Audio & TTSRead-along sync, selection-to-tutor

Word-karaoke TTS and selection-to-tutor.

ArthurAI™ ships rich audio and selection-driven UX as a first-class capability, not an accessibility afterthought. Lesson blocks generate per-block neural audio via Azure Speech, cached in tenant blob storage, with word-level timing metadata for synchronised read-along highlighting. A floating audio control supports 0.75×–2× playback speed. Highlighting any text in a lesson surfaces a contextual toolbar with "Read aloud" and "Ask Arthur" — bridging passive reading and active tutoring.

The audio layer

Five things the audio pipeline does that most don’t.

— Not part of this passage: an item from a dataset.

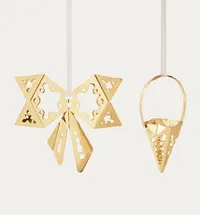 2022 Holiday Ornament set, Bow &amp; Cone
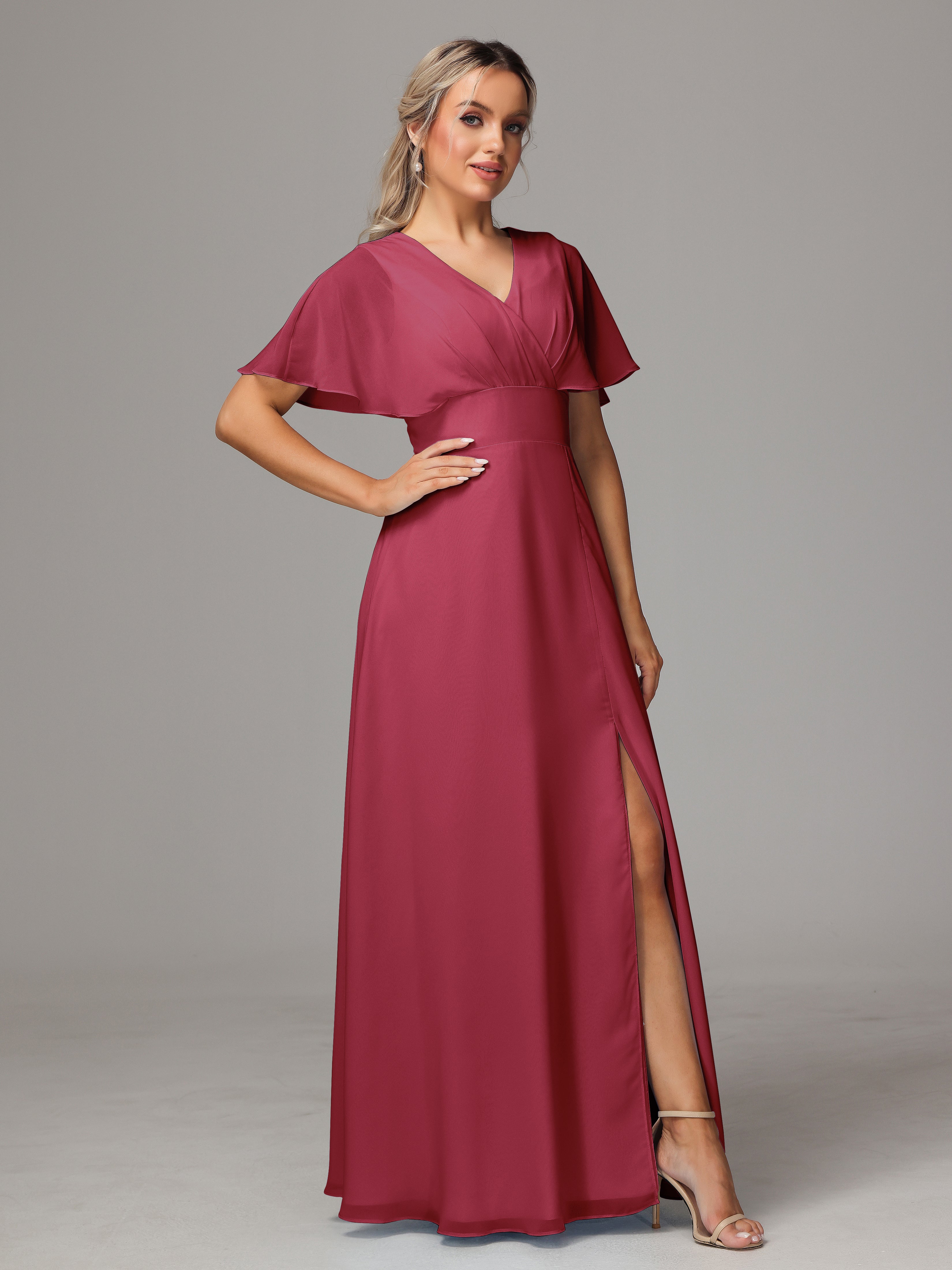 Robe Demoiselle D Honneur Rose Cannelle Trapèze Col V Fendue Devant Mousseline Robe Demoiselle D'Honneur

  • Per-block neural audio

    Each lesson block synthesises its own audio. Granularity matters — pause, skip, repeat at the unit of pedagogy.

  • Word-level timing

    The TTS pipeline returns time-aligned word positions alongside the audio. The reader sees each word highlight as it is spoken.

  • Hash-based caching

    Tenant blob storage caches audio keyed by content hash. The same paragraph never synthesises twice. Cache hits are instant.

  • Speed control

    0.75× · 1× · 1.25× · 1.5× · 2× cycling. Per-student preference persisted.

  • Voice catalogue

    Filter by locale, gender, and style — the voice itself adapts to the institution and the learner.

Highlight any text

Two actions surface when the learner selects text inside a lesson.

  • "Read aloud"

    Highlights a passage. Plays it through the same neural TTS pipeline with word-level sync. Useful for emerging readers, learners with dyslexia, and L2 learners.

  • "Ask Arthur"

    Highlights a passage that confused the learner. Opens the tutor with that exact passage as starting context. The lesson and the tutor bridge at the moment of confusion — not at a separate help surface.

Code is truth
  1. 01

    Neural TTS via Azure Speech adapter; voice catalogue filterable by locale, gender, and style.

  2. 02

    Per-block audio cached in tenant blob storage with hash-based invalidation; cache hits return instantly without re-synthesis.

  3. 03

    Word-level timing metadata returned alongside audio; client renders synchronised word highlights during playback.

  4. 04

    Floating audio control with 0.75× / 1× / 1.25× / 1.5× / 2× speed cycling.

  5. 05

    TextSelectionTooltip: floating pill on any text selection within a lesson, with "Read aloud" and "Ask Arthur" actions.

  6. 06

    Per-student TTS preferences persisted (voice, speed, auto-play); preference changes audited.